The CPRA would amend the CCPA by expanding consumers’ rights and imposing additional obligations on businesses that buy, sell, or share the personal information of California residents, including non-California third parties that share data with California businesses.
Significantly, the CPRA would also establish a new California Privacy Protection Agency, funded with $10 million from the State’s General Fund. This new Agency may serve a function similar to Europe’s Data Protection Authorities, and could be part of the groundwork for California to be recognized as having “adequate” privacy protections by the European Union.
Among the expansion of consumers’ rights under the CPRA, the proposal would create a new category of Sensitive Personal Information (SPI), which would receive additional protections. SPI would include consumers’ “precise” geolocation, the content of emails or text messages, philosophical or religious beliefs, information on consumers’ health or sex life, and account log-in or financial information “in combination with any required security” (e.g. passwords).
In addition, consumers could recover damages under the data breach provision if the combination of consumers’ e-mail address and password were to be exposed.

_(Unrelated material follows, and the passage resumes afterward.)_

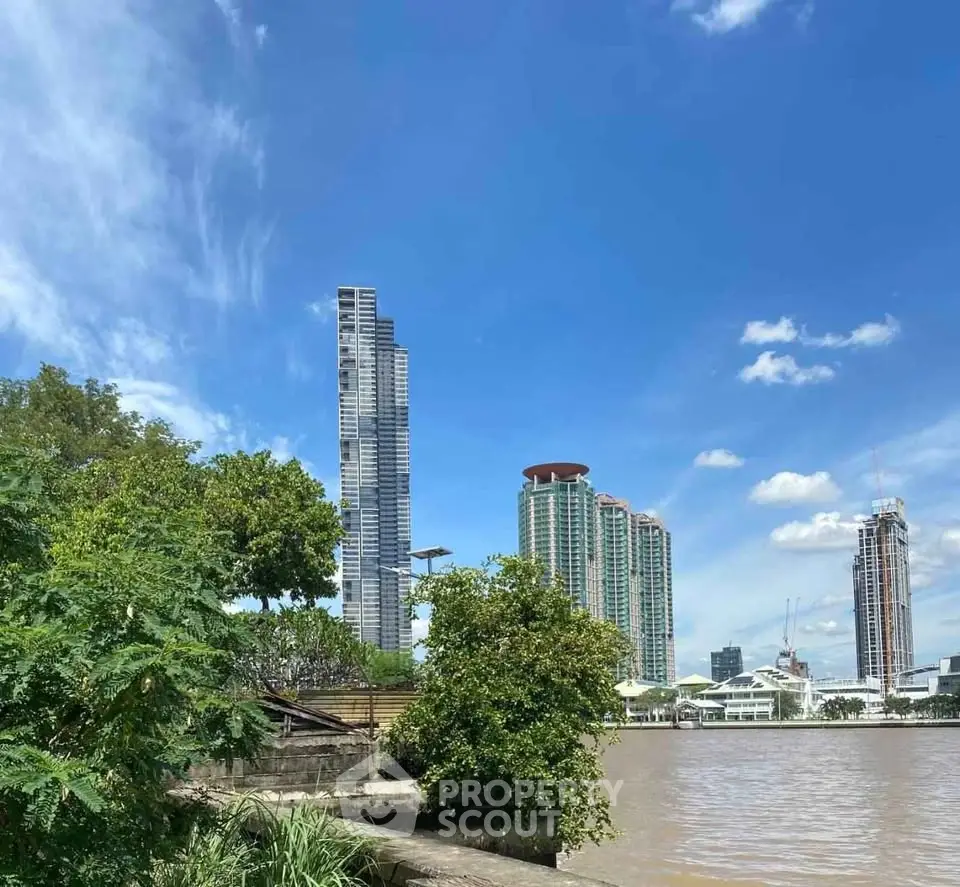 Stunning riverside view of modern skyscrapers against a clear blue sky, perfect for urban living enthusiasts.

Such damages were previously limited to data breaches that included a consumer’s first name or initial and last name combined with certain data elements, such as social security numbers and bank accounts. The CPRA would also eliminate a business’s ability to cure a data breach by implementing reasonable security measures after the fact.

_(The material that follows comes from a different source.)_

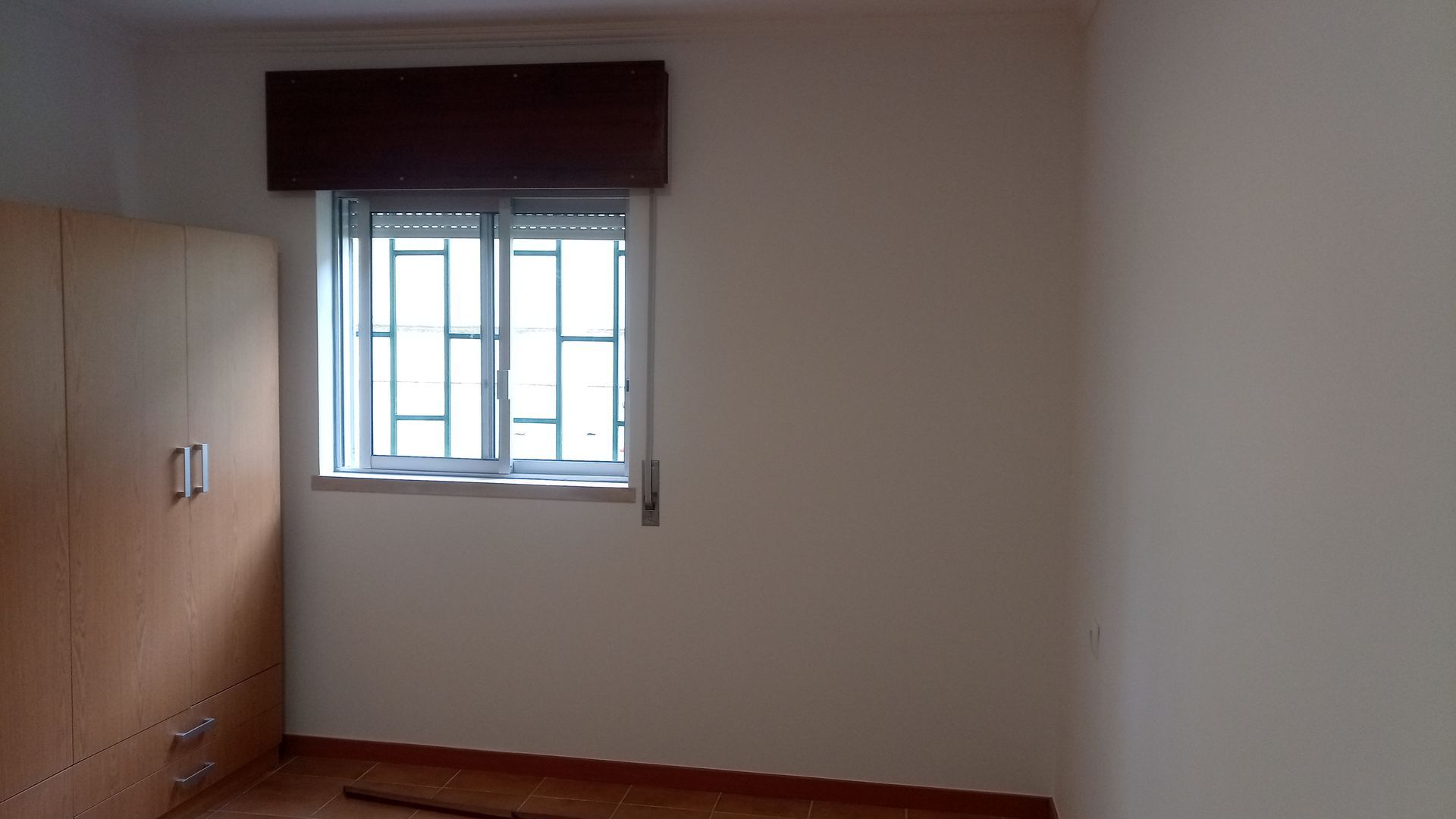 Quarto vazio com janela e armário marrom.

Consumers will also receive new rights to control their information under the CPRA. Under the CCPA, consumers had the right to opt-out of the sale of their personal information. The CPRA will allow consumers to opt-out of any sharing of their personal information for advertising or marketing, and further, businesses will need consumer consent prior to the sale of SPI. If requested, consumers will also have the right to correct inaccurate information collected by businesses.
To ensure consumers’ access to these rights, the CPRA would require businesses to provide access to an email, phone number, or webpage to allow consumers to request deletion or correction of their personal information. Further, businesses must inform customers of their additional rights and the categories of data being collected and the purpose for collection “prominently and conspicuously” on their website. If personal information is collected on premises, including by vehicle, then the categories and purpose of such collection must also be displayed on location “in a clear and conspicuous manner.”

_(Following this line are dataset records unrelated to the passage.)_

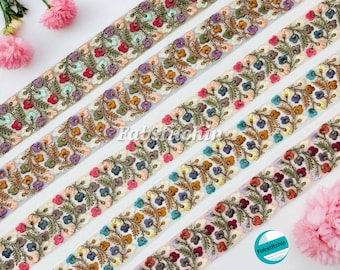 May include: Close-up of several decorative floral embroidered ribbons. Each ribbon features a repeating pattern of colorful flowers and leaves, with a sheer, light-colored backing. The ribbons are in various colors, including red, purple, and blue.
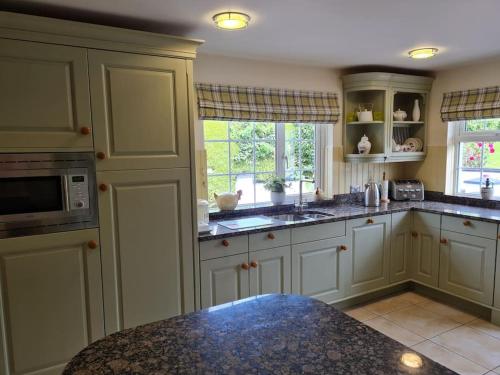 eine Küche mit weißen Schränken und einer Mikrowelle in der Unterkunft Hillview House in Bellaghy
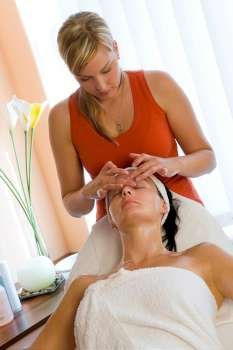 A young woman relaxing at a health spa while having a facial treatment.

The CPRA further imposes these obligations on third parties who have received information from California businesses. Such third parties will be required, by agreement, to comply with the CPRA. Additionally, when a California business receives a request from a consumer to delete his or her personal information, under the CPRA, the business will be required to notify service providers, contractors, and all third parties to whom the business has sold or shared personal information to comply with the request.
At this stage, the 900,000 signatures must be verified by county election officials before the initiative qualifies for the ballot. Should the CPRA make it to the ballot in November, Californians for Consumer Privacy claims that 88% of voters would likely vote in favor of it, but further independent polling may prove more useful.
The law would enter into force on January 1, 2023, but apply to information collected after January 1, 2022. Significantly, the initiative would extend the CCPA’s exemption for employees and contractors until 2023.